むしろ水族館や海・川などで魚に接することがあるおかげで、魚への興味が非常に高いことがわかります。ためしに野菜と魚介類を並べてみると、魚さわってみたい! 食べてみたい! というリアクションが返ってくるのではないでしょうか。

 ある日私は煮魚を作るために金目鯛のウロコ取りをしようと考えていたとき、小学生の息子に「やってみたい! やらせて欲しい!」と言われました。器具の構造はシンプルで、包丁を使うよりも安全性が高いと感じたので、ウロコ取りの方法を説明して任せることにしました。

 すると子どもは想像以上に大喜びして、楽しく取り組んでくれたのです。「ウロコってこんなにびっしりついているのか! ヒレもたくさんあるね!」などと、自ら発見をすることで、楽しい時間と学びになった様子。

 このときに気がついたことがあります。それは、魚には骨、ウロコ、ヒレなどがあり、それらがどのような構造になっているかについて子どもが知らなくて当然であるということ。

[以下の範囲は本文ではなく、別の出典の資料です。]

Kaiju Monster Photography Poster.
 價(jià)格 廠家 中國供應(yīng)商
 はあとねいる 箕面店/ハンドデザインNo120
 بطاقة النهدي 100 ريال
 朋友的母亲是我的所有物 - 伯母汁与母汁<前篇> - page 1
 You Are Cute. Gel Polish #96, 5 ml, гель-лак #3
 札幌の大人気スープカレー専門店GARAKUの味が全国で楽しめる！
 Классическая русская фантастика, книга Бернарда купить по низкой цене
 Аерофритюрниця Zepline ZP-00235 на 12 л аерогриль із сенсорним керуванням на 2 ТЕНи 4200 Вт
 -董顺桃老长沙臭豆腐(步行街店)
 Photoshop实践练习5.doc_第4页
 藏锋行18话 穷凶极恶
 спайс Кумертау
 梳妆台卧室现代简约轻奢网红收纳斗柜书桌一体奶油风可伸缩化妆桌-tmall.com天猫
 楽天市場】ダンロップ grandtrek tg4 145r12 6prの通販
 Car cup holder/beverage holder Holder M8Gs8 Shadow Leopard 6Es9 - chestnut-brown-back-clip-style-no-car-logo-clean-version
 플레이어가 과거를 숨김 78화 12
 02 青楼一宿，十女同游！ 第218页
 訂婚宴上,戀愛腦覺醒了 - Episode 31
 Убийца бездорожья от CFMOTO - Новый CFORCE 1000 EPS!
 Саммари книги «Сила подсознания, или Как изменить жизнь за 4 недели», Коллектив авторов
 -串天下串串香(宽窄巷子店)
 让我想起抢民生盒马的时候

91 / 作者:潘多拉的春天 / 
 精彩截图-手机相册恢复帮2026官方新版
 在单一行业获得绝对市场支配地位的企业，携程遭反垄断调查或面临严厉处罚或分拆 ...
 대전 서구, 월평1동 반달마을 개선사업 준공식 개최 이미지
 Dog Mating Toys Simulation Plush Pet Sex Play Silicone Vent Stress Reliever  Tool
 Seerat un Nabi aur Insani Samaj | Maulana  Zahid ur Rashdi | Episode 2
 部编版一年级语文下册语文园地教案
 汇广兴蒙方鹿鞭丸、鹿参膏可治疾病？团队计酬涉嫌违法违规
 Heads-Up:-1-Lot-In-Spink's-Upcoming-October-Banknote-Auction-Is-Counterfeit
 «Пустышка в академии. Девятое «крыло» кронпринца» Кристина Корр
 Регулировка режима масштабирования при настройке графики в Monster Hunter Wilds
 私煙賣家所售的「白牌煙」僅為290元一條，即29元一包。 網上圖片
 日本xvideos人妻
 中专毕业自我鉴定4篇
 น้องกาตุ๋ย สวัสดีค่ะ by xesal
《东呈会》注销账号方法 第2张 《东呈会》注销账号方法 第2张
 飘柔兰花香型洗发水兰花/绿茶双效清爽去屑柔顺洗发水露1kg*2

 図鑑で知ること以上に、子どもの手や五感を使ってリアルに体験することには価値があるということ。もちろん親の私も知らないことがたくさんあるなと実感。そのような実践を通して、我が家では急いでゴールを設定せずに、楽しみながら一緒に学んでいくような雰囲気を作ることを心がけています。

◆毎日魚料理を出してくれた母に教えられたこととは?

魚
私は毎日魚を食べて育ちました。肉も野菜も食べていましたが、魚を意識して食卓に出す母には理由がありました
 私が子どもとの食事や食育を考える上で、魚食を大切にする理由はもう一つあります。

 それは母の影響によるもの。私の幼少期時代を振り返ると、食卓に毎日魚が登場していました。母にその理由を聞いたところ、「たんぱく質は身体の基本だし、脳の6割は脂質でできていることを知って、魚食で質の良い脂質をとることを意識していたからよ。あなたたちが干物や煮魚を自分でほぐして食べている姿は本当に楽しそうだったわ!」との回答が。